→ **ASSIGNMENT**
Below are several entries. Transcribe exactly those lines that fall from the one with "Boston Terrier Puppy" through the one with "Impact de la", end lines included.

→ **DATASET CONTENT**
===============

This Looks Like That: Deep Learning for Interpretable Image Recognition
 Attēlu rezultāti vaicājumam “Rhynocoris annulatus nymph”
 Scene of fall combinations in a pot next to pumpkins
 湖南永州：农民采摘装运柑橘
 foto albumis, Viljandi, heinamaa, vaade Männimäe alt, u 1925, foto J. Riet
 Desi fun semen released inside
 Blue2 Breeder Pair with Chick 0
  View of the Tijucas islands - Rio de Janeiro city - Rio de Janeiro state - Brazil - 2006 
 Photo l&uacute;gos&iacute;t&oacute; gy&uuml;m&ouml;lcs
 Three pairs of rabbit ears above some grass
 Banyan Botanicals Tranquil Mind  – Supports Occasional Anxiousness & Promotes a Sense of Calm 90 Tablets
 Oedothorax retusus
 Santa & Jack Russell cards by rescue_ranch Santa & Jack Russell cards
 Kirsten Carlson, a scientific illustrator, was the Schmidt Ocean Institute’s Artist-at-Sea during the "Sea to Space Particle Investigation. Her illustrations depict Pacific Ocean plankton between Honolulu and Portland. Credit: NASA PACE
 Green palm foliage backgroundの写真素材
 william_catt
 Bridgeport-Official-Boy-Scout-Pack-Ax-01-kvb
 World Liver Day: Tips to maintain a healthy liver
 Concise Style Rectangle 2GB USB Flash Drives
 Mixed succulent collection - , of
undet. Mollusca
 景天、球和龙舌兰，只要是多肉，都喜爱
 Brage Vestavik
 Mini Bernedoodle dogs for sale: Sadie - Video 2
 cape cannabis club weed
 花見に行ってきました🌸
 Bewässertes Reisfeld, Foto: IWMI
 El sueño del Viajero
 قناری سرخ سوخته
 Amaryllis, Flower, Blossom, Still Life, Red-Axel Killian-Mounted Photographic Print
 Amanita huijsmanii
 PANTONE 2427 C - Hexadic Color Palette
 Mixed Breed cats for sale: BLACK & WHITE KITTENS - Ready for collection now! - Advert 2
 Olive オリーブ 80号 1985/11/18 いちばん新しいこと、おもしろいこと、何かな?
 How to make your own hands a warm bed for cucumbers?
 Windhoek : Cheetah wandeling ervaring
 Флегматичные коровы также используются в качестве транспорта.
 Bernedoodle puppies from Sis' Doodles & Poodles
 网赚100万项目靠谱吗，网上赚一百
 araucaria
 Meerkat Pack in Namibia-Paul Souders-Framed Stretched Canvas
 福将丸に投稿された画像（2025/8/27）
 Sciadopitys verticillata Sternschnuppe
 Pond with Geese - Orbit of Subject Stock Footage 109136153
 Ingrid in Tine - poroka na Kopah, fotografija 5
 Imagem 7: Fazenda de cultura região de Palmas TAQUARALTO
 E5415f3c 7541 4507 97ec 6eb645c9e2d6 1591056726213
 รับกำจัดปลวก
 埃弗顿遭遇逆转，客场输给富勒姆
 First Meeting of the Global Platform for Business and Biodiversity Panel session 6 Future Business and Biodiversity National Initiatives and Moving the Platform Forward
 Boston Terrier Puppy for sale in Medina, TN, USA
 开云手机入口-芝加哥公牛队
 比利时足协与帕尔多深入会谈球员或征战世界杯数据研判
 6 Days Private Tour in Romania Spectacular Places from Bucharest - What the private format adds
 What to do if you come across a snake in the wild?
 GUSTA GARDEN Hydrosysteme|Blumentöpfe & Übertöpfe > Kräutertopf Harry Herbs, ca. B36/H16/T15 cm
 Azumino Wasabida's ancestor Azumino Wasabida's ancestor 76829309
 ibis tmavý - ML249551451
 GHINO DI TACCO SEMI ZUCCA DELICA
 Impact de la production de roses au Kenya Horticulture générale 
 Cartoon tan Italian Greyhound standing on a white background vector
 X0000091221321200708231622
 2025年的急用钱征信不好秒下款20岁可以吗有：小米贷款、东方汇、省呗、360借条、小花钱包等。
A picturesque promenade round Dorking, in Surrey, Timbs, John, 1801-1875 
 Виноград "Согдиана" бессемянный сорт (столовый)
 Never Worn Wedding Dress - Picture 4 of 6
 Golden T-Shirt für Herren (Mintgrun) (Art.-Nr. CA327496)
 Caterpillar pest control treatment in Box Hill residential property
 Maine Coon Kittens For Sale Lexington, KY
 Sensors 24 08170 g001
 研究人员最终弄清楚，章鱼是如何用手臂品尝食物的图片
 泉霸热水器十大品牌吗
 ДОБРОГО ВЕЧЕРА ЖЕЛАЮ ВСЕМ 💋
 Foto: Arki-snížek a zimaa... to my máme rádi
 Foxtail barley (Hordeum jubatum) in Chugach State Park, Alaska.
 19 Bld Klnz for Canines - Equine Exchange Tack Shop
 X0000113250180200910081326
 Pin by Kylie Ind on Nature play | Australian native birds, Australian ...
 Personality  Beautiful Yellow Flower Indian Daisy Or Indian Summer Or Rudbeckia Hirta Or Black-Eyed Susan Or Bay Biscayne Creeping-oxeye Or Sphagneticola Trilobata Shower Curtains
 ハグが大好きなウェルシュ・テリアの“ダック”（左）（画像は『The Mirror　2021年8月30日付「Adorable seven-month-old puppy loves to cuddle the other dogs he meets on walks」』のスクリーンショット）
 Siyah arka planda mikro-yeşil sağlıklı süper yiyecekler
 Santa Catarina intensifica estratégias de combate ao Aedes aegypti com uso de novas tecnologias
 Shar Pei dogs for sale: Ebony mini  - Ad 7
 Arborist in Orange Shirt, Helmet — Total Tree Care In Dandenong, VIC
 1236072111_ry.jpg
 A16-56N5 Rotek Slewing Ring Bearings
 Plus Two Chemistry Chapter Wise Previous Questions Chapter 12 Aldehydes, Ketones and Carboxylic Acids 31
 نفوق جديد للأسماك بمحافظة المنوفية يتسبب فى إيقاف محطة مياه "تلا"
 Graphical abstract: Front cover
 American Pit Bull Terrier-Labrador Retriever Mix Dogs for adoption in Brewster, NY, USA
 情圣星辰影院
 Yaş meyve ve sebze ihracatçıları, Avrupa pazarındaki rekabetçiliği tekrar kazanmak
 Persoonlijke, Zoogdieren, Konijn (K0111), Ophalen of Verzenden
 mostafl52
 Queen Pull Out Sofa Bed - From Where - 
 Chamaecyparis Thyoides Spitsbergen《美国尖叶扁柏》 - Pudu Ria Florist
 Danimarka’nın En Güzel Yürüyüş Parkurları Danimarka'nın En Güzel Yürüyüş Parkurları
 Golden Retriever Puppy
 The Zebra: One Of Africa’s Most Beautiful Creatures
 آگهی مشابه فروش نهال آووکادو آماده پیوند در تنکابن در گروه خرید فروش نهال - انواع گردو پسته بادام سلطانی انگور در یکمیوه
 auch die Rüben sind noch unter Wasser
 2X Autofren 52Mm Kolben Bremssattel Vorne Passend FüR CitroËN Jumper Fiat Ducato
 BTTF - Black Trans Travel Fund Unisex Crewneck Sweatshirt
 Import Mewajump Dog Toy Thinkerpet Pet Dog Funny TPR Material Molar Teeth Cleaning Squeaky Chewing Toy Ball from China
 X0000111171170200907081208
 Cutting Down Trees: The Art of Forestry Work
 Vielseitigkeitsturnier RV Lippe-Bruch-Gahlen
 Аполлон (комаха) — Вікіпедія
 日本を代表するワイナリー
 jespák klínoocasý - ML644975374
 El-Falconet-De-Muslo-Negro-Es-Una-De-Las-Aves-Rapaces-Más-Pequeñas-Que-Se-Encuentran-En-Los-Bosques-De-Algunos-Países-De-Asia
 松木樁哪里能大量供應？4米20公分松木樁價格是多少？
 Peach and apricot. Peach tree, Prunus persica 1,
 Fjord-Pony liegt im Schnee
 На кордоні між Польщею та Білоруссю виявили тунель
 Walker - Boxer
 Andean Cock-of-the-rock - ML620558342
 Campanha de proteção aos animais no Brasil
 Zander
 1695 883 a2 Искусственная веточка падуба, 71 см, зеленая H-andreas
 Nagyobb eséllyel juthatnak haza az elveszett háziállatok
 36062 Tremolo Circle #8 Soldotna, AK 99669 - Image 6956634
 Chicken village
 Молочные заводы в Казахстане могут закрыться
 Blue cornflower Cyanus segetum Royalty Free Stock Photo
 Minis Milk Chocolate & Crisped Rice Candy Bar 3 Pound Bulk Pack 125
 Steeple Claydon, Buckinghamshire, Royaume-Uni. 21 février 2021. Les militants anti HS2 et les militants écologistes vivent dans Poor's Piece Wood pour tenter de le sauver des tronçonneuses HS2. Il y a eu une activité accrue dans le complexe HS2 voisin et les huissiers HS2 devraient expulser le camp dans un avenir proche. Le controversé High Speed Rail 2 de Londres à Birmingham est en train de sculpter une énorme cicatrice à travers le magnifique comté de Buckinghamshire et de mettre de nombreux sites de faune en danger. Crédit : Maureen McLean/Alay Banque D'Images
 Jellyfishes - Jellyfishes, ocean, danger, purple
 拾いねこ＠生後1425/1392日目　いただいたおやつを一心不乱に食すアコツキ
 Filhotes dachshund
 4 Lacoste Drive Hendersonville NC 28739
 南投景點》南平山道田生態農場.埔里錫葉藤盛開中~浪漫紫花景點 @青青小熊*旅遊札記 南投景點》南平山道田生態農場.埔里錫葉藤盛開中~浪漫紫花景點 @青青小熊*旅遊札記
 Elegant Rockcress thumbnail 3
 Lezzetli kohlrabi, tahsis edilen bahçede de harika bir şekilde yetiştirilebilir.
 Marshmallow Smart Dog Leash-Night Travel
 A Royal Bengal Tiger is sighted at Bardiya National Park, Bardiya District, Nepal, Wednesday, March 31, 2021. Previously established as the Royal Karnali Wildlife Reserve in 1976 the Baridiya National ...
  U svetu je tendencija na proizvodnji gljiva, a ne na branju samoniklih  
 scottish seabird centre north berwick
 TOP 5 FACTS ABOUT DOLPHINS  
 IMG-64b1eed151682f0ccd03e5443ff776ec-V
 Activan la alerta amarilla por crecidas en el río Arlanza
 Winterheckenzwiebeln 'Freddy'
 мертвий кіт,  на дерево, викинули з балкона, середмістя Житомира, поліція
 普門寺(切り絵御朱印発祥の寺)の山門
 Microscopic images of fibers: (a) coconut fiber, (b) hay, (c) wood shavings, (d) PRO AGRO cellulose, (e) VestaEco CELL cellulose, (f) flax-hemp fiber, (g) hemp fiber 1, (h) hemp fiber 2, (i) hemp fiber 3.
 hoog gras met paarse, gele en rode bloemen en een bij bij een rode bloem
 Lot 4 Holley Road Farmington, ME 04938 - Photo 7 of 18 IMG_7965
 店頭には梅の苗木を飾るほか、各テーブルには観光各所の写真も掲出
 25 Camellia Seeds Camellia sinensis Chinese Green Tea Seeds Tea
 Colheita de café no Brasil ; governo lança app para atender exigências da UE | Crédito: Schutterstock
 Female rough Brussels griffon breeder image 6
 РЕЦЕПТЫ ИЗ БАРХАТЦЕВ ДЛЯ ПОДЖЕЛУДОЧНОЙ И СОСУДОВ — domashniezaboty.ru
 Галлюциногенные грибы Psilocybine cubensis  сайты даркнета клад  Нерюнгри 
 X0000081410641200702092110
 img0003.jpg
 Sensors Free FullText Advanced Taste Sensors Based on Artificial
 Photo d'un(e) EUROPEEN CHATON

===============

→ **RESULT OF THIS EXERCISE**
 Boston Terrier Puppy for sale in Medina, TN, USA
 开云手机入口-芝加哥公牛队
 比利时足协与帕尔多深入会谈球员或征战世界杯数据研判
 6 Days Private Tour in Romania Spectacular Places from Bucharest - What the private format adds
 What to do if you come across a snake in the wild?
 GUSTA GARDEN Hydrosysteme|Blumentöpfe & Übertöpfe > Kräutertopf Harry Herbs, ca. B36/H16/T15 cm
 Azumino Wasabida's ancestor Azumino Wasabida's ancestor 76829309
 ibis tmavý - ML249551451
 GHINO DI TACCO SEMI ZUCCA DELICA
 Impact de la production de roses au Kenya Horticulture générale 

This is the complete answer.